A garantia da segurança comum impõe que um número significativo de regras básicas sejam criadas pelo legislador, implementadas pelas autoridades e cumpridas pelos cidadãos. Daqui resultaria que todos os cidadãos, nacionais ou estrangeiros, teriam de atestar de forma clara e inequívoca a sua identidade. Coisa lógica, mas pouco certa: um dos principais crimes verificados nas fronteiras é precisamente o da falsificação e contrafacção de documentos de viagem, imediatamente seguido pelo crime de uso de identificação alheia, o que obriga os serviços de imigração e fronteiras – no caso português, o Serviço de Estrangeiros e Fronteiras – SEF – a investirem fortemente no combate a estes crimes (com considerável sucesso, diga-se em abono da verdade).
Quando surgem dúvidas sobre a verdadeira identidade e nacionalidade do jovem que atacou num comboio na Alemanha, a questão não é saber se a notícia é verdadeira, mas saber quantos mais cidadãos cuja identidade levantam dúvidas haverá por esta europa fora! Há em Portugal – e em toda a Europa Schengen – uma realidade que não tem sido devidamente avaliada nem tratada: os cidadãos indocumentados, os falsamente documentados e os falsamente indocumentados. Esta realidade, até há pouco tempo marginal, assume hoje proporções graves com os movimentos migratórios dos últimos anos e a vaga de refugiados que tomou a Europa como destino.
Na realidade, hoje existem nos centros de acolhimento de imigrantes e refugiados milhares de pessoas sobre as quais não existe qualquer capacidade de identificar correctamente e proceder a uma triagem adequada. Sendo certo que uma larga maioria não constitui uma ameaça, há os que utilizam este meio como forma de se furtar à vigilância dos serviços de segurança e infiltrarem-se nas redes terroristas e criminosas que operam na Europa.
As dificuldades de controlo são acrescidas pelo facto de muitos dos países de origem se encontrarem em situações de duvidosa estabilidade política ou em estado de conflito, em que os serviços públicos são muito permeáveis à corrupção ou atuam em conivência com grupos marginais. Acresce que há representações consulares que atuam à margem da lei recusando documentar os próprios cidadãos nacionais.

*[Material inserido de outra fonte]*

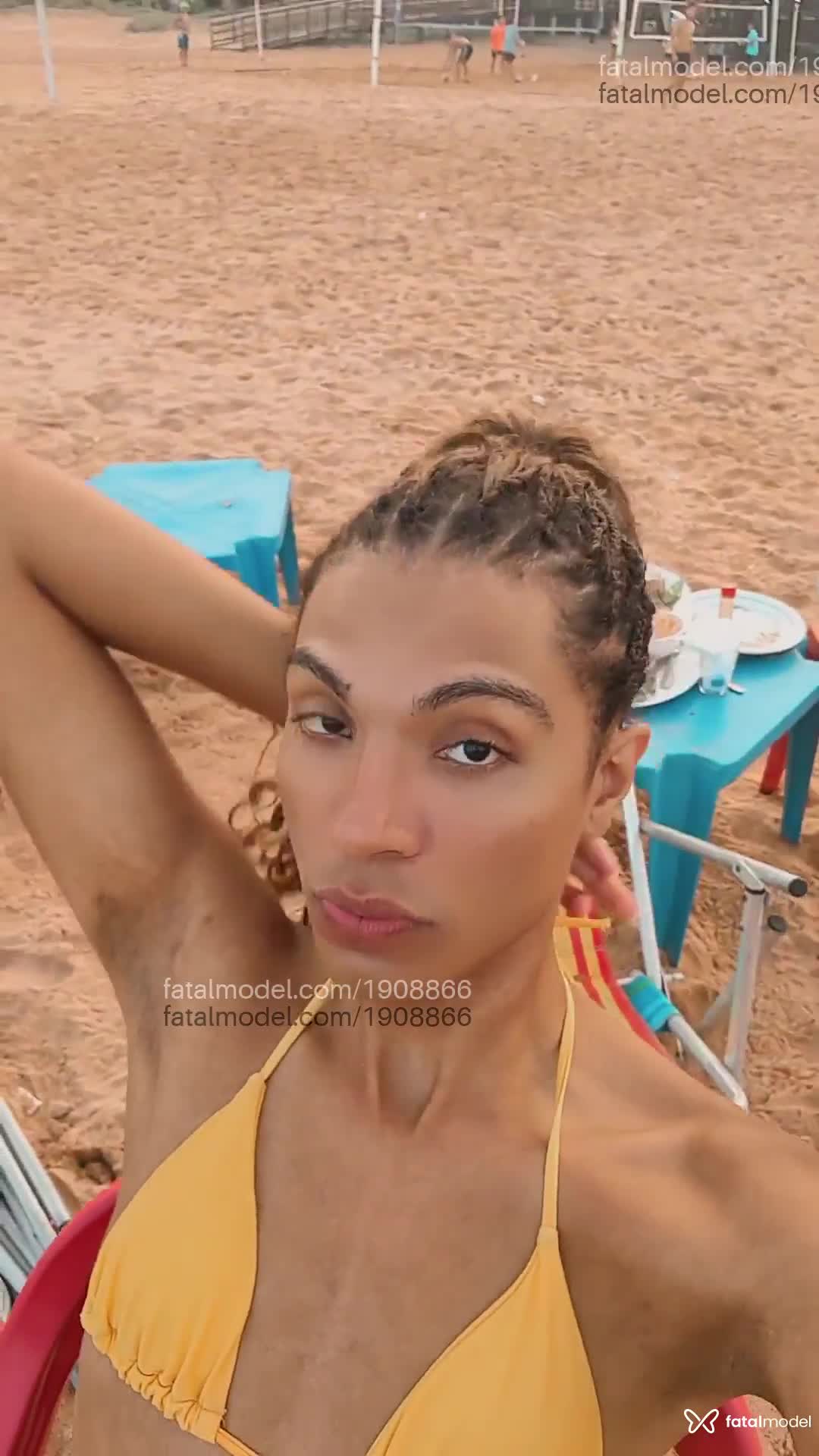 Acompanhante não-binário com cabelo castanho de olhos castanhos em Cuiabá Acompanhante não-binário com cabelo castanho de olhos castanhos em Cuiabá - Fer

Há ainda, para complicar, regulamentos nacionais que pioram as situações. Em Portugal e em muitos países comunitários, as autoridades judiciais, quando confrontadas com cidadãos indocumentados, não têm muitas alternativas legais quando o que está em causa supostamente é apenas a situação de irregularidade da permanência em território nacional. Das duas, uma: ou as polícias (quase sempre o SEF) conseguem documentar com fiabilidade os cidadãos, ou, então, estes são libertados sem qualquer documentação (e já agora, sem residência conhecida ou qualquer outra referência). Esta é uma realidade permanente que a maioria dos inspectores do SEF enfrenta quando apresentam diariamente aos tribunais cidadãos indocumentados, dos quais dificilmente voltam a ter notícia, a não ser pelas piores razões.
Há ainda o perigo de o mesmo individuo poder repetir o feito, assumindo tantas identidades diferentes, quantos os estados por onde for passando.
Naturalmente que os direitos humanos devem ser intransigentemente garantidos a todos, nacionais ou estrangeiros, documentados ou indocumentados, mas urge equilibrar esse princípio humanista com uma evolução nos mecanismos de segurança. Não se trata de criar um “Big Brother” policial, mas de permitir que a sociedade europeia seja mais segura.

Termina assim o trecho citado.